-- EXERCISE BRIEF --
Take the records below and extract, word for word, the lines from the one containing "Irish Sessing Memorial" through the final line, inclusive. Omit pictures.

[Records from a dataset]
┌────────

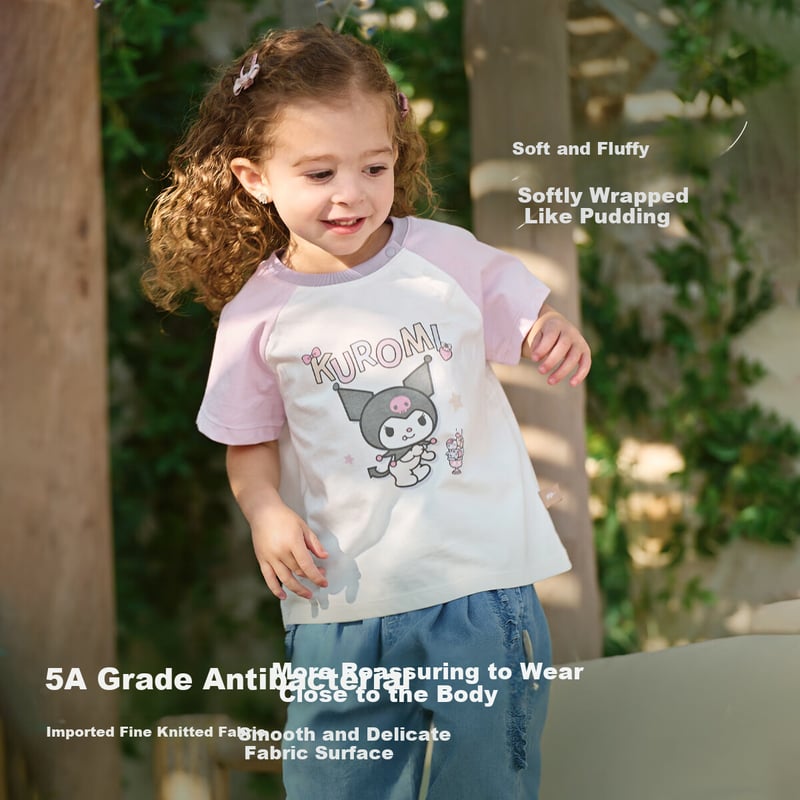 DAVE & BELLA Kuromi Summer T-Shirt for Girls
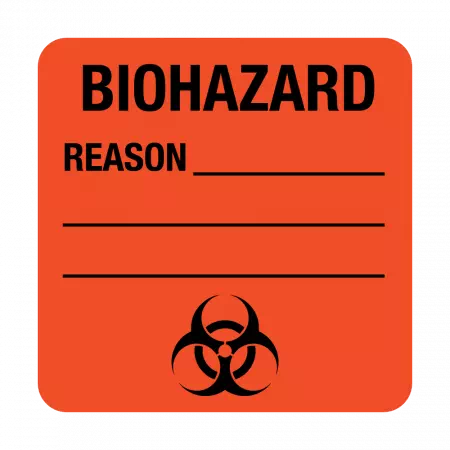 Biohazard REASON - Write on label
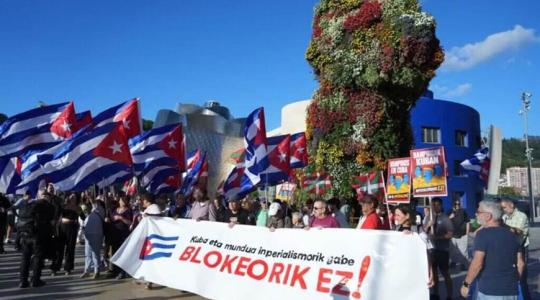Acto de solidaridad con Cuba en Europa
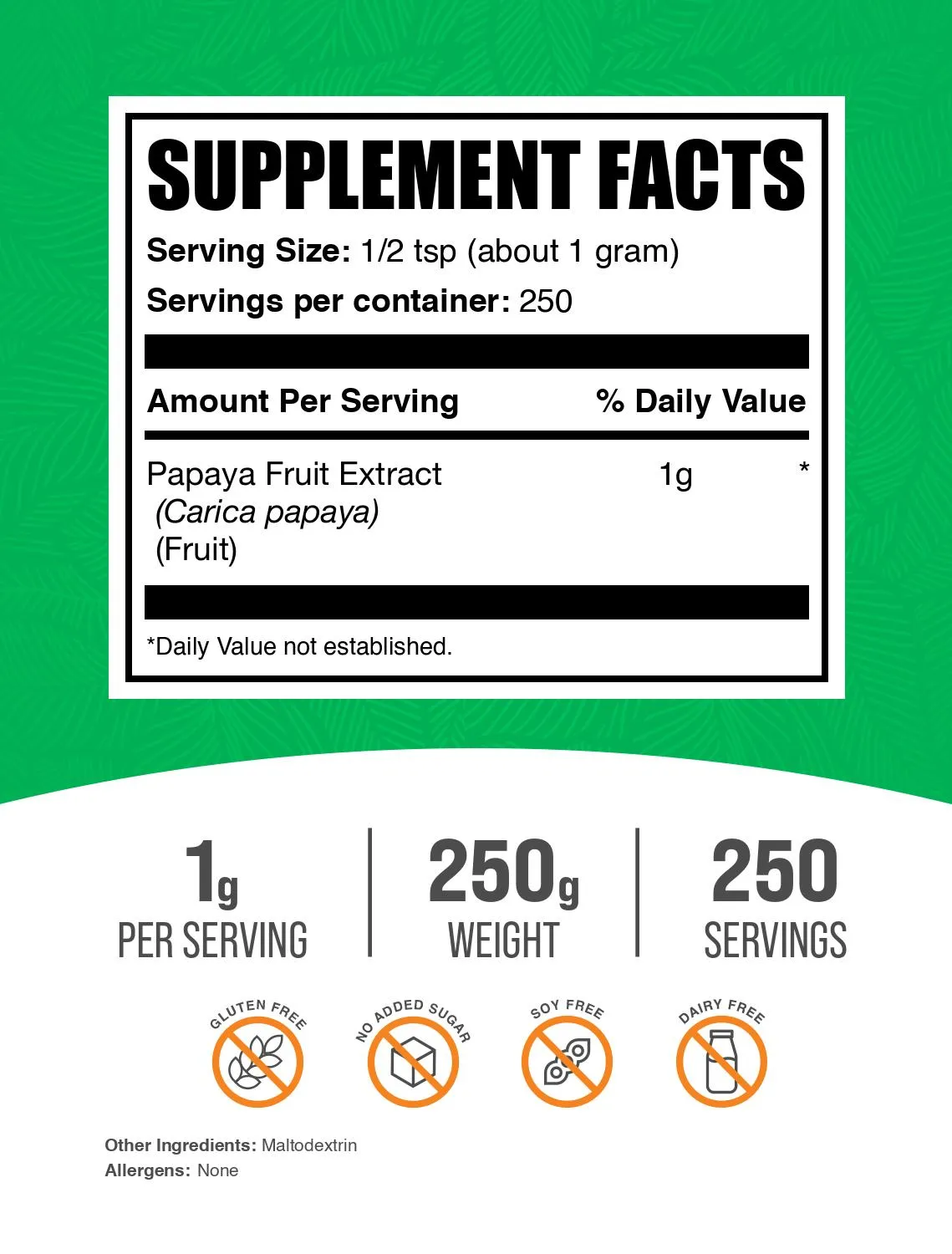 Papaya Fruit Extract Powder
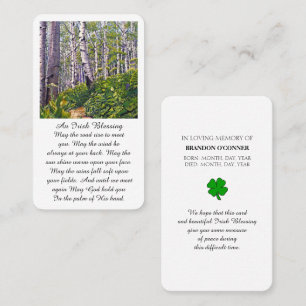 Irish Sessing Memorial Praetcard Visitenkarte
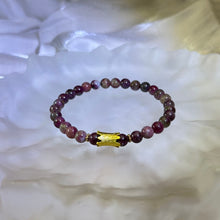 Load image into Gallery viewer, Pink Tourmaline Beads Bracelet 粉色碧玺手串
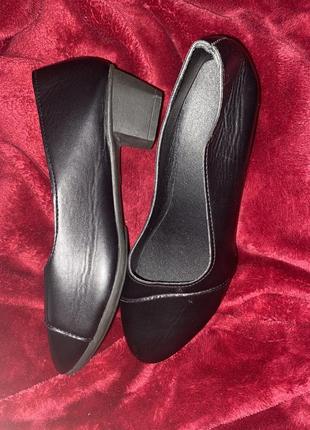 Туфли черевики кожзам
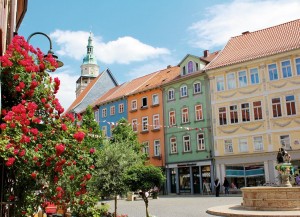 Altstadt von Bad Langensalza Thüringen Deutschland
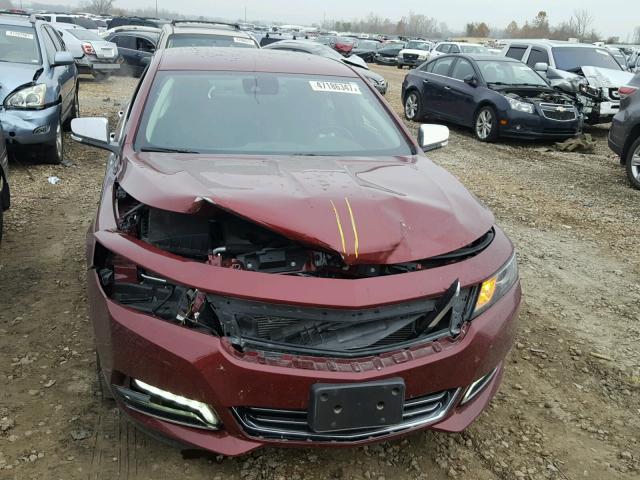 1G1145S36HU111260 - 2017 CHEVROLET IMPALA PRE MAROON photo 7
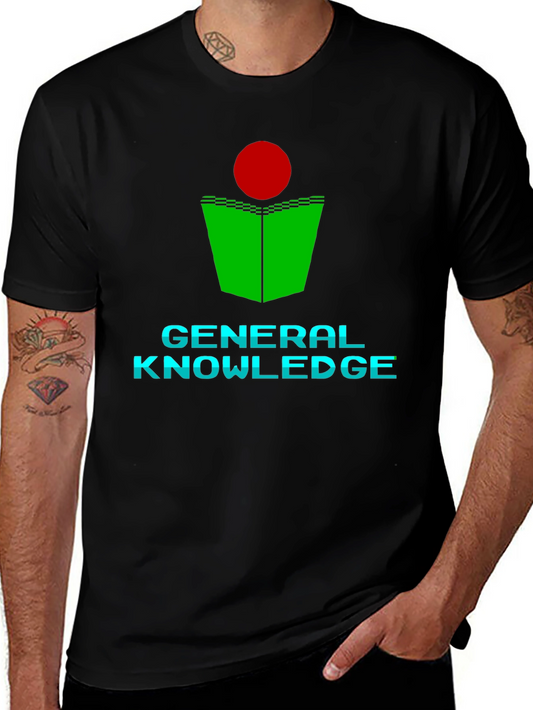 General Knowledge T-Shirt - Green Book Red Dot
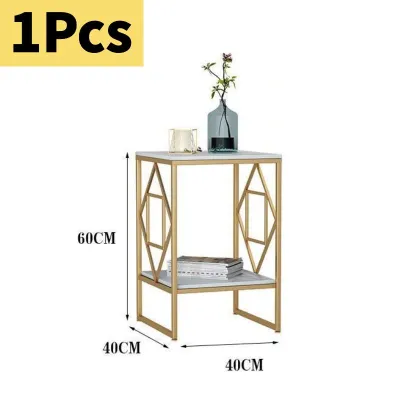 EB MALL ORIGINAL NORDIC MARBLE SOFA SIDE TABLE LIVING ROOM CORNER CABINET SIMPLE BEDROOM BEDSIDE CABINET SIDE TABLE CREATIVE SMALL TEA TABLE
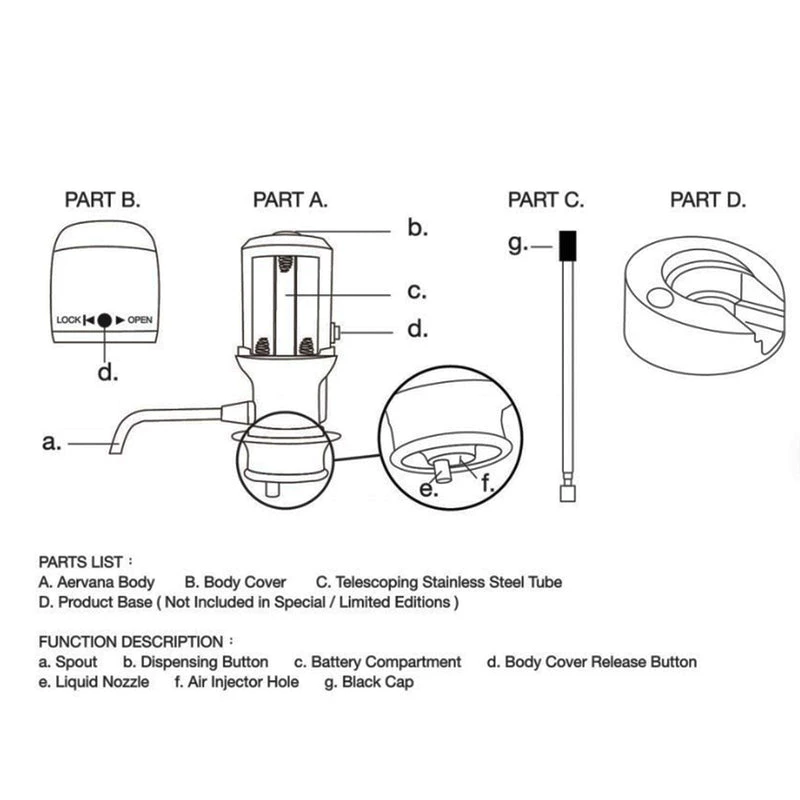 Outlet ⭐ Bars Aervana - The Original Electric Wine Aerator 🧨 7 Outlet ⭐ Bars Aervana - The Original Electric Wine Aerator 🧨 - Image 5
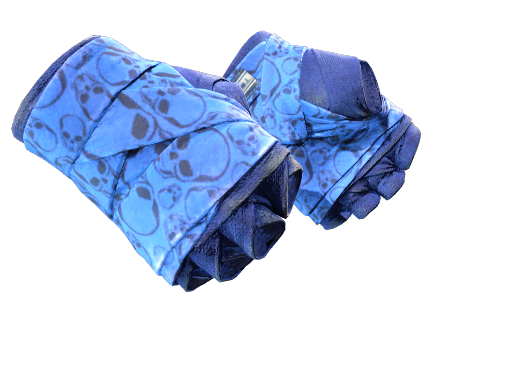 ★ Hand Wraps | Cobalt Skulls (Well-Worn)
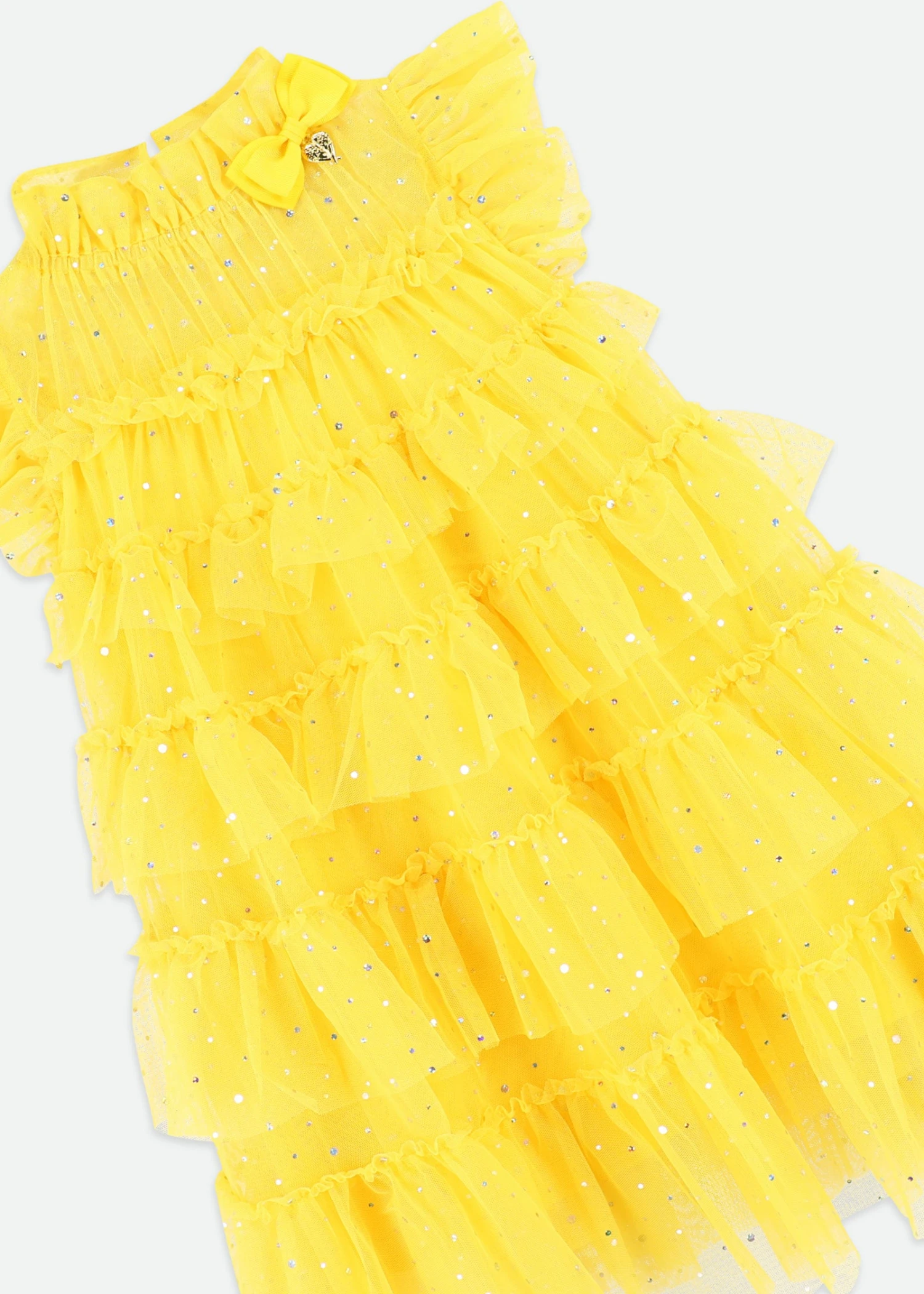 Mitzi Sparkle Tiered Dress Dandelion 5 Mitzi Sparkle Tiered Dress Dandelion - immagine 3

└────────

-- REPLY --
 Irish Sessing Memorial Praetcard Visitenkarte
 Load image into Gallery viewer, Pink Tourmaline Beads Bracelet 粉色碧玺手串
 Туфли черевики кожзам
 Altstadt von Bad Langensalza Thüringen Deutschland
 1G1145S36HU111260 - 2017 CHEVROLET IMPALA PRE MAROON photo 7
 General Knowledge T-Shirt - Green Book Red Dot
 EB MALL ORIGINAL NORDIC MARBLE SOFA SIDE TABLE LIVING ROOM CORNER CABINET SIMPLE BEDROOM BEDSIDE CABINET SIDE TABLE CREATIVE SMALL TEA TABLE
 Outlet ⭐ Bars Aervana - The Original Electric Wine Aerator 🧨 7 Outlet ⭐ Bars Aervana - The Original Electric Wine Aerator 🧨 - Image 5
 ★ Hand Wraps | Cobalt Skulls (Well-Worn)
 Mitzi Sparkle Tiered Dress Dandelion 5 Mitzi Sparkle Tiered Dress Dandelion - immagine 3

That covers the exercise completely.